Education is just one of the many issues facing the second largest continent, Africa. A lack of public capital for funding free education means that books, writing materials, teaching implements and spaces to teach in means that many children move into adulthood without ever learning to formally read, write, formulate math problems or even learn better work techniques that would help their earning potential to grow.
With over 1 billion people, it’s a place that was long forgotten for its many opportunities. Yet, education hampers the continent’s progress towards forming a self-sustaining plateau, one that would eventually lead to considerable growth.
Rather than stick to the old book and paper model, educating Africa and its 52 nations might be better done by seeking educational innovators who want to create part-time or nearly digital school programs.

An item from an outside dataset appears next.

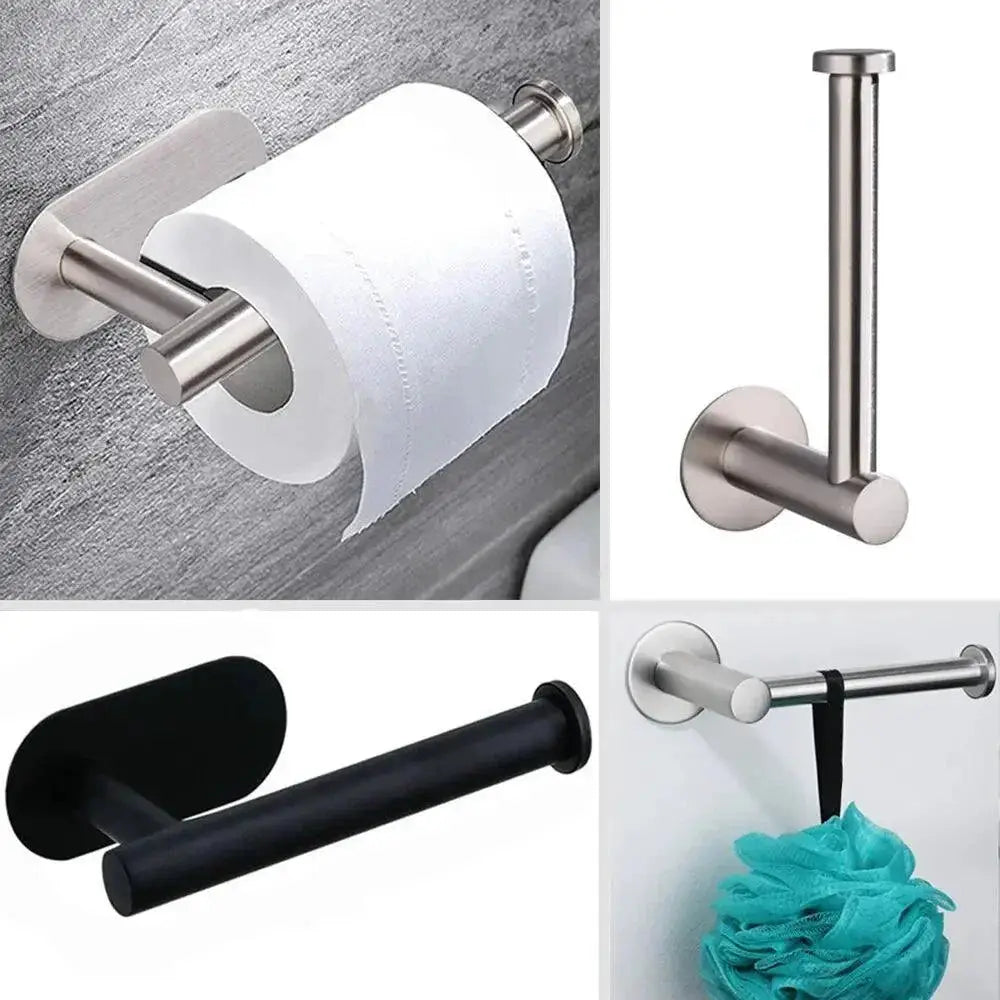 Stainless Steel Toilet Paper Holder Towel Dispenser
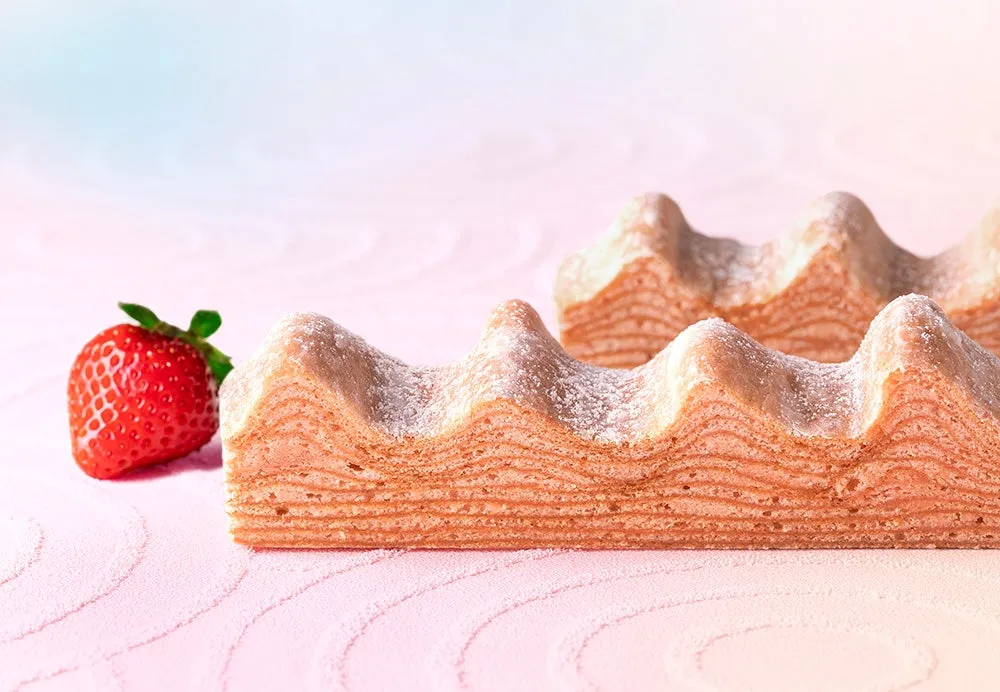 【ねんりん家】名古屋に「あまおう苺バーム」が限定登場!春の絶品スイーツを見逃すな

One idea might be to use simple cell-network enabled devices like Amazon’s lower-cost Kindle devices to store age or grade appropriate reading materials, develop an SMS-style system to send that student’s progress back to a regional or governmental agency to further develop those systems, and update outdated materials as corrections are made.
Efforts like this have already begun thanks to the tireless work of organizations like Worldreader.org, a group that has partnered with Amazon, country-native publishers and other donors to take Kindles to western Africa. With over 500,000 Kindles pre-loaded with books delivered to students, those students have become positive influencers by sharing their knowledge with their parents, siblings, family and neighbors. Worldreader says that the use of Kindles has the potential to reach 5 times more people. That’s an amazing number considering that potential could be as high as 2.5 million new readers, people powered with more knowledge tend to want to continue to read. Imagine what could be done with 5 million Kindles.

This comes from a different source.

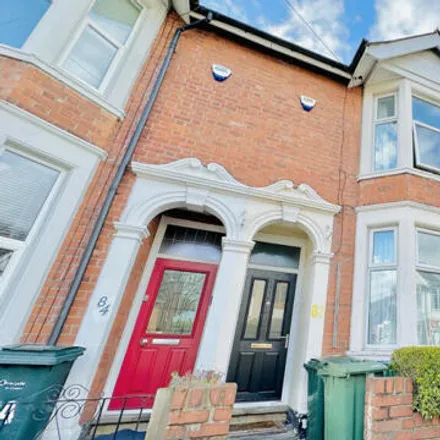 Buy this 5 bed townhouse on 82 Marlborough Road in Coventry, CV2 4ER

Teachers in those regions would first teach students reading skills and thus, how to enter the digital realm of their education. Those teachers would still be invaluable as the children move to high levels of courses as they progress and seek guidance on what to do next.

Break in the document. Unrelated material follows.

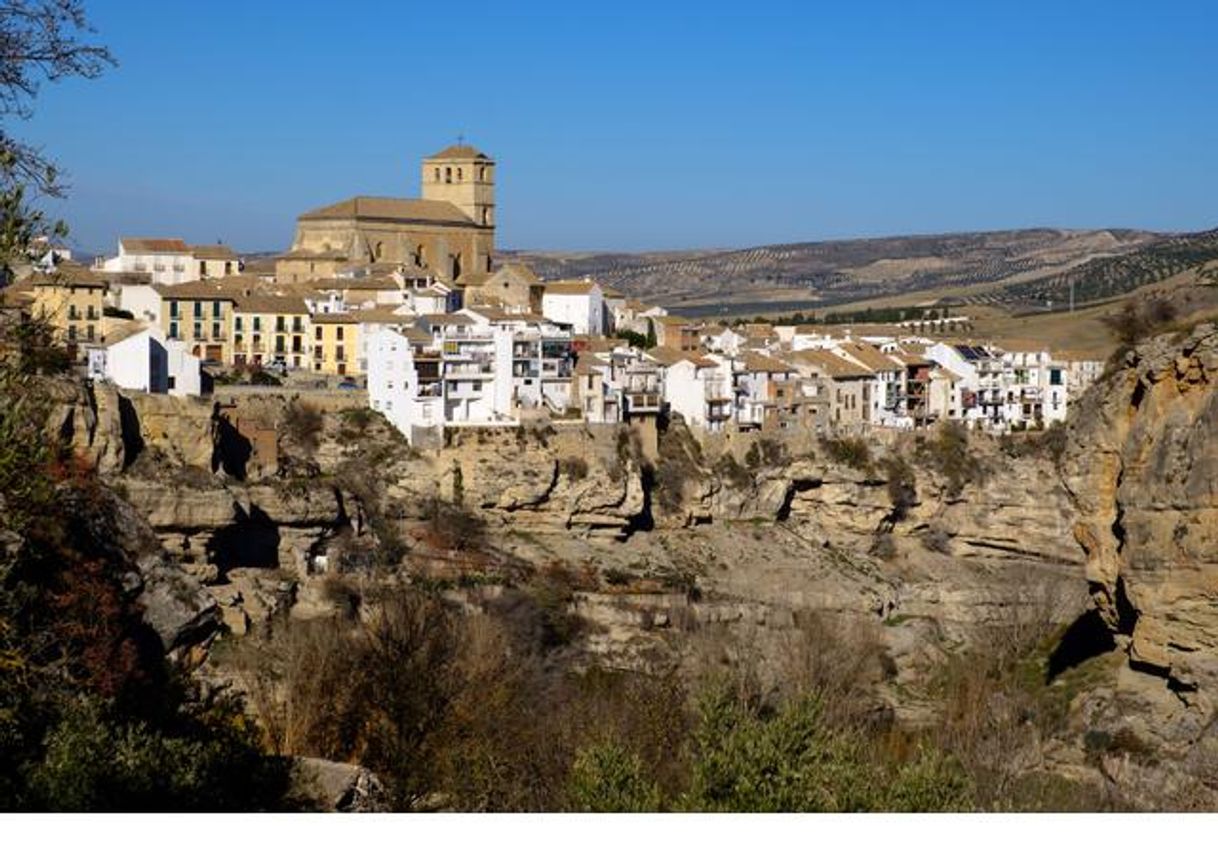 Lugar Alhama de Granada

Such digital hybrid systems would have to be ruggedized for use with multiple students; power management would need to be done by support personal who would also manage the publications in each device (due to the use of e-ink in many Kindles, battery life can be up to many weeks). Many of those countries, especially those with an abundance of sunshine (especially Ethiopia) could easily go solar and avoid local power grids. Many countries that lack the landline communication infrastructures have erected considerable cell phone networks that would take care of any updates. Such systems might also be used to recover misplaced or stolen devices.
Children who have graduated from their schools might get the option to continue their education through the use of their special login and their mobile phone device. Such continuing education programs might be available for a small fee; graduates might be able to shop around for different educational programs that might fit their special skills, religious views, tribal history or other views. The other butterfly effect of such knowledge will be new authors who may have their own stories to tell and sell to others. Creating readers not only creates smarter and more dynamic people, it also can create smaller homegrown markets for those authors.
Governments might also choose to augment or subsidize those fees for programs that might educate locals on developing new skills roles that are needed regionally. In regions where farming might be difficult, programs for better livestock or crop management might be offered to curb any issues or teaching people about how to fix cars, trucks or other modes of transportation could create a wealth of experts for any burgeoning economy. And that’s just one part of the force that might help move many African countries from seeking charity and start creating more entrepreneurs.
As I’ll be visiting a few schools in Ethiopia in a few weeks, I’ll revisit the digital solution to education soon and weigh several of the realities against the idea.